On 5/10/2023 11:52 AM, Johnny Billquist wrote:
> On 2023-05-10 17:00, Arne Vajhøj wrote:
>> On 5/10/2023 9:16 AM, Johnny Billquist wrote:
>>> On 2023-05-10 11:59, Chris Townley wrote:
>>>> On 10/05/2023 04:39, Dave Froble wrote:
>>>>> The defaults in Basic are LONG integers and Single FP.  A number, 
>>>>> such as 1, is treated as a single precision FP, so that makes not 
>>>>> being specific even worse.
>>>>>
>>>>> Note, I really don't like the FP default.  Any program I write 
>>>>> specifies the defaults for both integers and FP.  Something like:
>>>>>
>>>>> OPTION SIZE = ( INTEGER WORD , REAL DOUBLE )
>>>>
>>>> Our coding standards insisted on
>>>>
>>>> OPTION TYPE = EXPLICIT
>>>
>>> That actually don't solve the problem observed here.
>>> That only makes the compiler give errors if you don't explicitly 
>>> declare variables. However constants are still being of the default 
>>> type defined.
>>
>> I am not a Basic person so not sure how much my opinion
>> should count, but I think it would be nice with:
>>
>> $ BASIC/VAR_TYPE_DEFAULT=EXPLICIT/LITERAL_TYPE_DEFAULT=INTEGER ...
> 
> Yeah. And I actually don't know what happens with constants when you say 
> type is explicit. I sortof suspect they end up as FP again... :-/
> 
> I don't have VMS BASIC around to check there, but in BASIC+2 this is the 
> case. With TYPE_DEFAULT set to EXPLICIT, literals become floating point 
> unless % is added.

Based on docs this is seems to be the case for VMS Basic as well.

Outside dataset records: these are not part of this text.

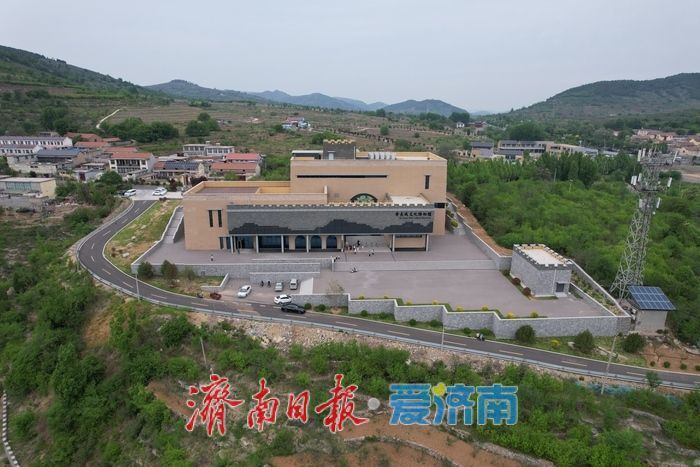 齐长城文化博物馆试运行首日人气高涨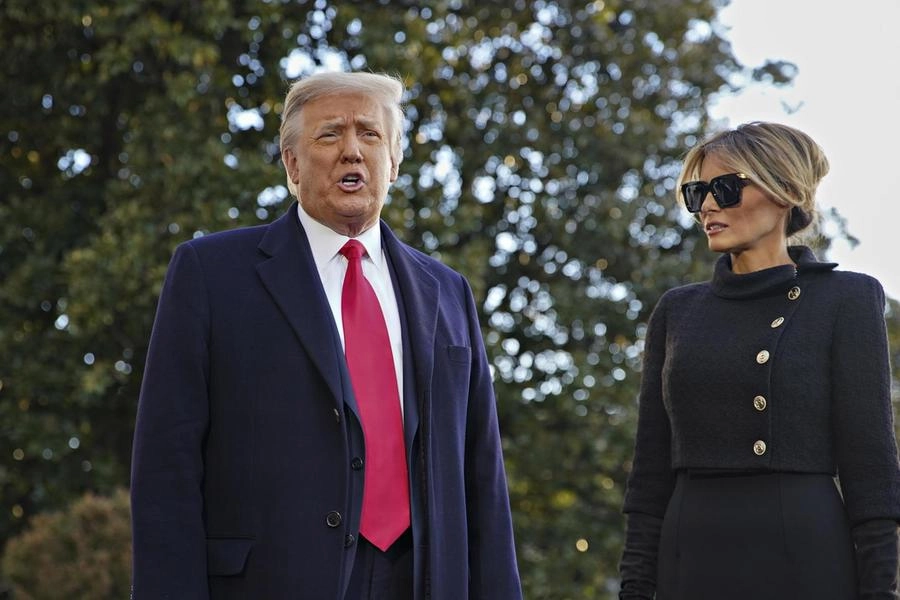 Donald e Melania Trump escono dalla Casa Bianca (Ansa)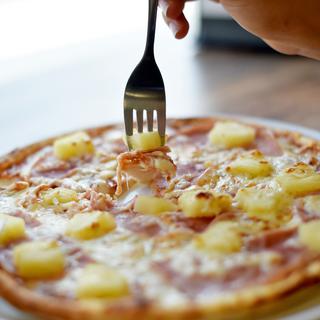La pizza Hawaii vient en 3e position des plus demandées. [DPA/Keystone - Angelika Warmuth]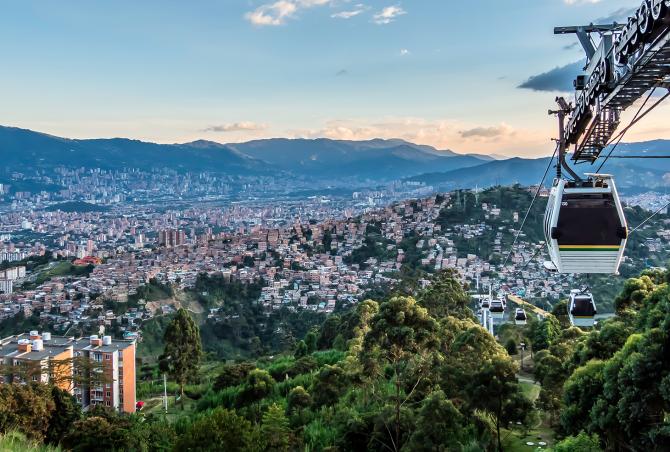 Comprar e alugar propriedade de luxo em Medellín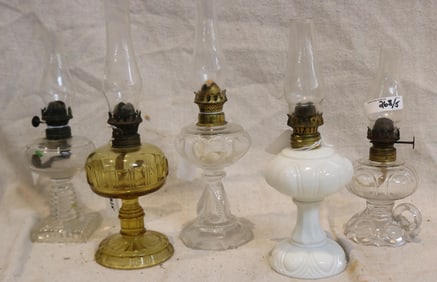 COLLECTION OF 5 MINIATURE OIL LAMPS, VARIOUS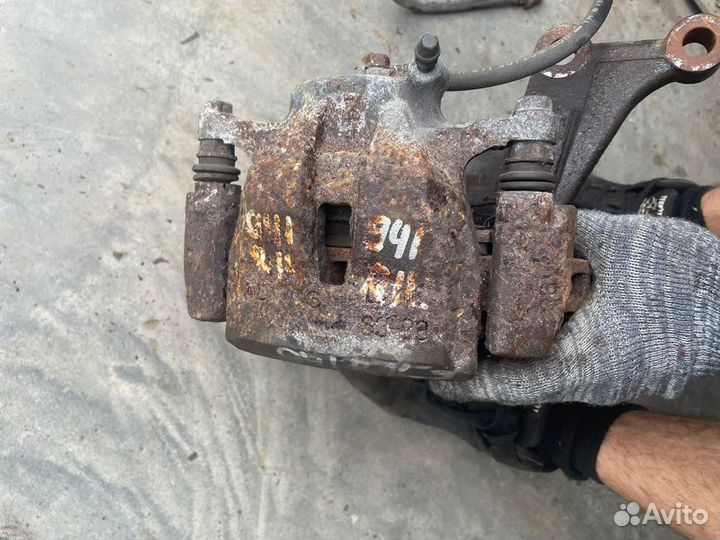 Ступица передняя левая Toyota Vanguard ACA33 2azfe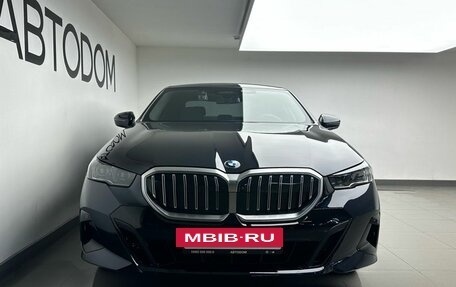 BMW 5 серия, 2024 год, 7 950 000 рублей, 2 фотография
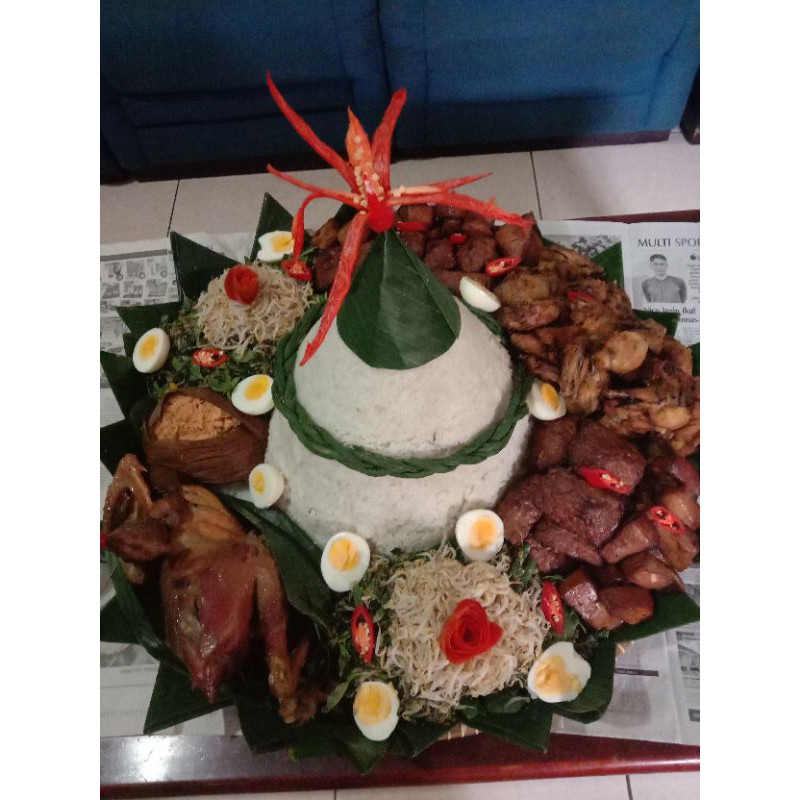 

Nasi tumpeng supeerrr kompliitt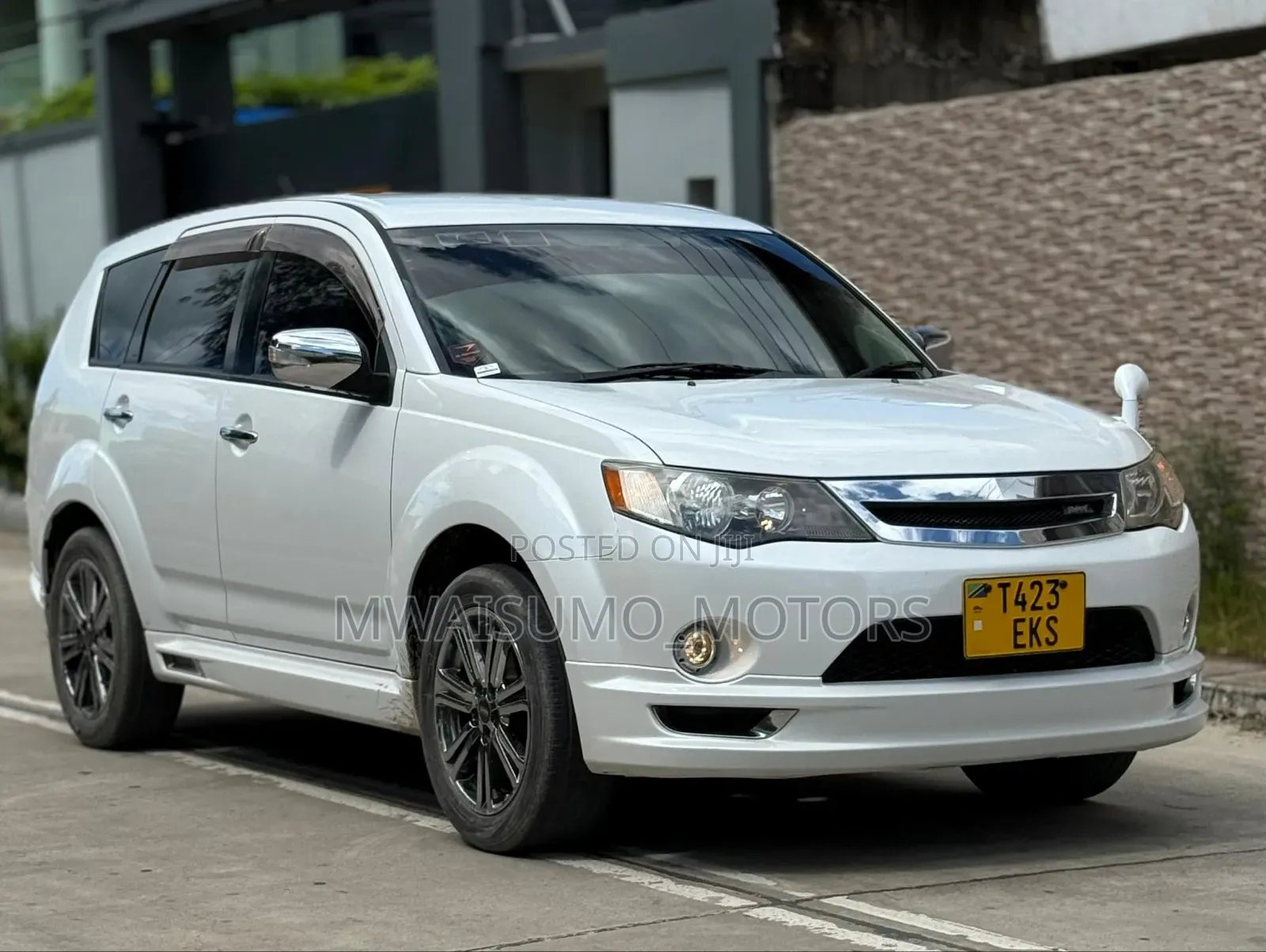 Mitsubishi Outlander 2010 White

If /TYPE_DEFAULT=INTEGER then 1 and 2 are integer literals
otherwise (including /TYPE_DEFAULT=EXPLICIT) they are FP literals.

Which is why I want the 2 qualifiers - one to require that
variables are declared and one to make 1 and 2 integer literals.

Alternatively I could just learn VMS Basic.